A Lightweight Error-Resiliency Mechanism for Deep Neural Networks

Brunno F. Goldstein1, Victor C. Ferreira1, Sudarshan Srinivasan2, Dipankar Das2, Alexandre S. Nery3, Sandip Kundu4, Felipe M. G. França1
1Federal University of Rio de Janeiro, 2Intel Labs, 3University of Brasilia, 4University of Massachusetts Amherst


Abstract

In recent years, Deep Neural Networks (DNNs) have made inroads into a number of applications involving pattern recognition -- from facial recognition to self-driving cars. Some of these applications, such as self-driving cars, have real-time requirements, where specialized DNN hardware accelerators help meet those requirements. Since DNN execution time is dominated by convolution, Multiply-and-Accumulate (MAC) units are at the heart of these accelerators.
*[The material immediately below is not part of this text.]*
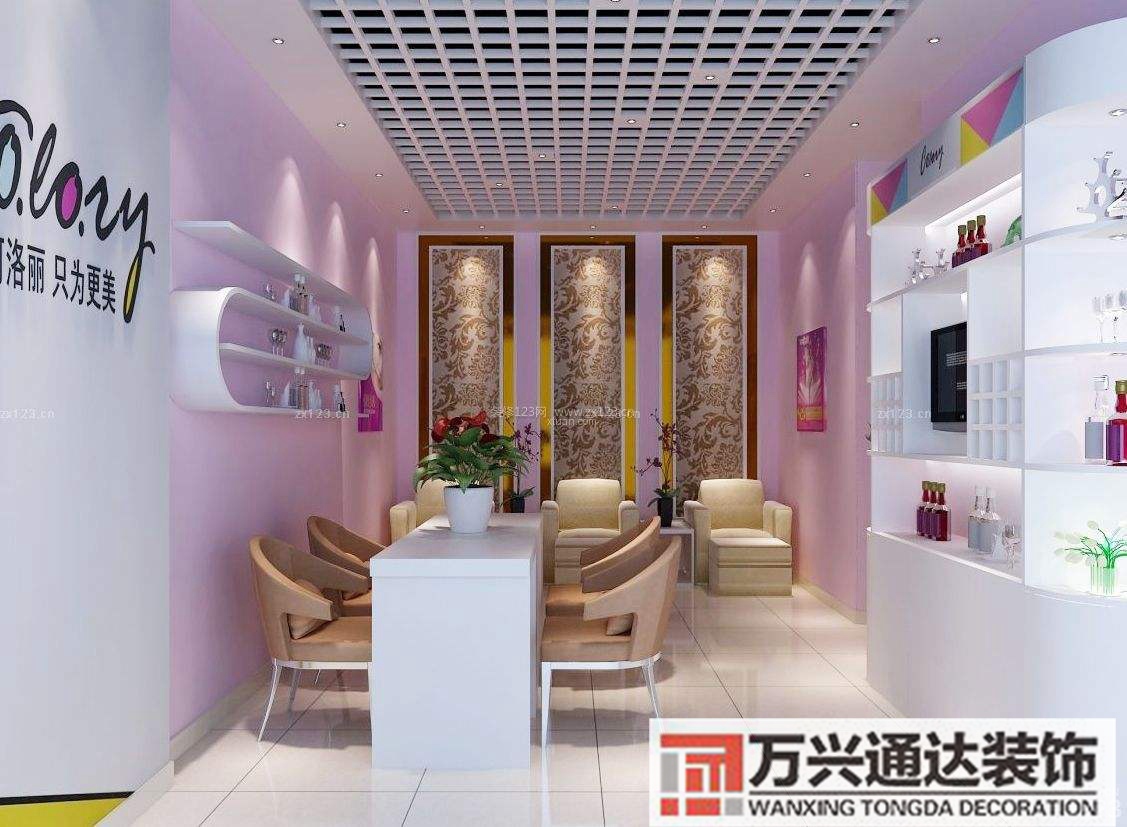 小型化妆美甲店装修图美容美甲店装修效果图 小型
As hardware accelerators push the performance limits with strict power constraints, reliability is often compromised. In particular, power-constrained DNN accelerators are more vulnerable to transient and intermittent hardware faults due to particle hits, manufacturing variations, and fluctuations in power supply voltage and temperature. Methods such as hardware replication have been used to deal with these reliability problems in the past. Unfortunately, the duplication approach is untenable in a power constrained environment. This paper introduces a low-cost error-resiliency scheme that targets MAC units employed in conventional DNN accelerators. We evaluate the reliability improvements from the proposed architecture using a set of 6 CNNs over varying bit error rates (BER) and demonstrate that our proposed solution can achieve more than 99% of fault coverage with a 5-bits arithmetic code, complying with the ASIL-D level of ISO26262 standards with a negligible area and power overhead. Additionally, we evaluate the proposed detection mechanism coupled with a word masking correction scheme, demonstrating no loss of accuracy up to a BER of 10-2.